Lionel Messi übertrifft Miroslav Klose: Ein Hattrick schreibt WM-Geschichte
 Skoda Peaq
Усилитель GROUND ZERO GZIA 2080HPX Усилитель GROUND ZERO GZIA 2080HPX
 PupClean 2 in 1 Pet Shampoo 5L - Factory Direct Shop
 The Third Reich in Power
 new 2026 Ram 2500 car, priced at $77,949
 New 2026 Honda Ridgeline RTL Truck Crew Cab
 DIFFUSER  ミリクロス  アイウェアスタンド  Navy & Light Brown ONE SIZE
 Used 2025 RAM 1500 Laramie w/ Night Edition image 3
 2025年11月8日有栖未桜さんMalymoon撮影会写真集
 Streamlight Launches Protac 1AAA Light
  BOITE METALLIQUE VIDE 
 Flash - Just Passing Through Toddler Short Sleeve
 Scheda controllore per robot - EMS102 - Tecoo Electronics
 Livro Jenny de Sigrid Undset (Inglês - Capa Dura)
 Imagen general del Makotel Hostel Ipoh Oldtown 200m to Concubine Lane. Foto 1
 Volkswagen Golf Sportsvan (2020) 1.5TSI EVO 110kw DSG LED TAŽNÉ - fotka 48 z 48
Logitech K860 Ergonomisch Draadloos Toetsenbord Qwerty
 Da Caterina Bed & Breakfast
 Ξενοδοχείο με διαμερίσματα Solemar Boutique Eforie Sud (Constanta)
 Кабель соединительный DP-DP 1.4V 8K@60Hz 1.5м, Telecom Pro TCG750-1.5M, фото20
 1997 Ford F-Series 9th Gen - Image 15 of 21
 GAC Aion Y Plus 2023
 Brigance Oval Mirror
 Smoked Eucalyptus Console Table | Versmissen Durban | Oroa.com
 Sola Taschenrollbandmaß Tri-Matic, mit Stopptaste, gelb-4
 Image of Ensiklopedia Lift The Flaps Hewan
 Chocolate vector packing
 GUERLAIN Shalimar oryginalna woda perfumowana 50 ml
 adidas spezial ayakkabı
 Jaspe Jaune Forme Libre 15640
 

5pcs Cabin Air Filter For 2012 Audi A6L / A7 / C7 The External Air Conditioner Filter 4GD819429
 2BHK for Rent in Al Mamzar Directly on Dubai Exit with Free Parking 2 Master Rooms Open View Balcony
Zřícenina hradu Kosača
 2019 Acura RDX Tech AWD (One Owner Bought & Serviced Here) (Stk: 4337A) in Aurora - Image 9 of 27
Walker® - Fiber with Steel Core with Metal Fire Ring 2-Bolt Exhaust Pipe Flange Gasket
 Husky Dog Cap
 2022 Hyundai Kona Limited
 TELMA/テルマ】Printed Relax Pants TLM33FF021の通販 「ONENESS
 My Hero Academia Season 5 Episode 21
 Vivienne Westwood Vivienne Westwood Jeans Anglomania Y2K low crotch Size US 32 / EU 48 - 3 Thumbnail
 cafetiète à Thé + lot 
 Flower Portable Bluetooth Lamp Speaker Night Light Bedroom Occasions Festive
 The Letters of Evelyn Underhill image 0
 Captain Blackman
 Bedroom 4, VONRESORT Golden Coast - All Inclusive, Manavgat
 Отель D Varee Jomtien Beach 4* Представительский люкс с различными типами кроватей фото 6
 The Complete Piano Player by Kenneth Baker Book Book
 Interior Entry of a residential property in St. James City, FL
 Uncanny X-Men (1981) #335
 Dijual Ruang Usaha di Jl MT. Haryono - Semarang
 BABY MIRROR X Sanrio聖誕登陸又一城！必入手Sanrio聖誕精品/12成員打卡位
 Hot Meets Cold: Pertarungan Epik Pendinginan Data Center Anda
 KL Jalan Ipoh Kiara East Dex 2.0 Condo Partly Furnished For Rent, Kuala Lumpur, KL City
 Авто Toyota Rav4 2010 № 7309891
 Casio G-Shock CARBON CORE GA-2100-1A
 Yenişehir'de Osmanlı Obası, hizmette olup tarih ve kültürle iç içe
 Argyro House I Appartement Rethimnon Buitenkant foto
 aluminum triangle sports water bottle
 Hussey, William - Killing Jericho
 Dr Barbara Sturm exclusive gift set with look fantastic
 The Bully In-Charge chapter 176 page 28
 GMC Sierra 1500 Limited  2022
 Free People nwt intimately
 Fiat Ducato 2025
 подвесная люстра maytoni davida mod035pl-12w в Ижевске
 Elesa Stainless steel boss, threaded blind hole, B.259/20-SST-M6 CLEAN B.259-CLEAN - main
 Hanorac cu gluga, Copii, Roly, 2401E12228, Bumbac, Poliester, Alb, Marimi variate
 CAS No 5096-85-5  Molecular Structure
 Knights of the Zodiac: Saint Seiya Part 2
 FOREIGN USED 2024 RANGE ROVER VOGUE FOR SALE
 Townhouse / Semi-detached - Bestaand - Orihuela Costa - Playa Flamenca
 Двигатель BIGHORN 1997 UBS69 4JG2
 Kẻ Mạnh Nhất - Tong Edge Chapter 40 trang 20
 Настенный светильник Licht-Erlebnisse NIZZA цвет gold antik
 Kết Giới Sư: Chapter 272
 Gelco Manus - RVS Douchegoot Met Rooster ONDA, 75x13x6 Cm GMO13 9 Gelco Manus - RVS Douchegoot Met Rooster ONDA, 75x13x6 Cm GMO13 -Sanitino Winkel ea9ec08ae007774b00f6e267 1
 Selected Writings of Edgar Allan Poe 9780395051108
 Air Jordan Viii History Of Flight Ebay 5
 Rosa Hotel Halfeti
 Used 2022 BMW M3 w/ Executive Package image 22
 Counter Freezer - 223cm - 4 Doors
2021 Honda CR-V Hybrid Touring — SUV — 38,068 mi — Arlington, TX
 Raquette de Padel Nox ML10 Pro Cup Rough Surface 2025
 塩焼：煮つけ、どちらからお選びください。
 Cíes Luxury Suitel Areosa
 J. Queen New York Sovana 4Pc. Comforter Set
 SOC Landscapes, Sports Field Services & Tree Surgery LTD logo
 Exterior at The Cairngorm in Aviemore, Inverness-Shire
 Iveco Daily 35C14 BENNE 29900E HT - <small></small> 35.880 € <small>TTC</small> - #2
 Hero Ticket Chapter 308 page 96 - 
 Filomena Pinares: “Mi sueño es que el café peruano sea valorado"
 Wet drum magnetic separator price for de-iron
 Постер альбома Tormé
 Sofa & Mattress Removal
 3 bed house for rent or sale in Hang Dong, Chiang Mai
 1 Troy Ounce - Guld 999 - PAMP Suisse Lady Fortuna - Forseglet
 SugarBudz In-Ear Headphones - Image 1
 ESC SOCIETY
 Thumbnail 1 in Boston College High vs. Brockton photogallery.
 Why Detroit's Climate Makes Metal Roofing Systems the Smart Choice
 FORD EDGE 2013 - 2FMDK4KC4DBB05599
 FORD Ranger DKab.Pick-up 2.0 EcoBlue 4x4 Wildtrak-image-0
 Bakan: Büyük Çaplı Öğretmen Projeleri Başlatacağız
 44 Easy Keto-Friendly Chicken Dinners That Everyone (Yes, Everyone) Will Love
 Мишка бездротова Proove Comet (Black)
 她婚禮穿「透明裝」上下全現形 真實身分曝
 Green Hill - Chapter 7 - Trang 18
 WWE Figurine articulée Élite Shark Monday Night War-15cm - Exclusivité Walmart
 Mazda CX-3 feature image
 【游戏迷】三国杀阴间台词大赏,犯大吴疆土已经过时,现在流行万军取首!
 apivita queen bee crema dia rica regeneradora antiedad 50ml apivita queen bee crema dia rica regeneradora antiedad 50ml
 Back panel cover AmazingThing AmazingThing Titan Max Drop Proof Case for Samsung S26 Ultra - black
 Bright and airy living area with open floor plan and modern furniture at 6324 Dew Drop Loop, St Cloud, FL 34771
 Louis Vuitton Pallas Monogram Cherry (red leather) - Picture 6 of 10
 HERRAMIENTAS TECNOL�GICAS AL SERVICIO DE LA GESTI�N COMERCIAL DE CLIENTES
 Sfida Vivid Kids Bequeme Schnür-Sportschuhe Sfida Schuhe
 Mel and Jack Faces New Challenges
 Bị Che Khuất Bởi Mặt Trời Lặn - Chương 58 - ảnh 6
☆ ☆ ☆
DIRECTIONS FOR THIS TASK
Scan the data above, find each line with "Drop", and copy it.

YOUR SOLUTION
 Back panel cover AmazingThing AmazingThing Titan Max Drop Proof Case for Samsung S26 Ultra - black
 Bright and airy living area with open floor plan and modern furniture at 6324 Dew Drop Loop, St Cloud, FL 34771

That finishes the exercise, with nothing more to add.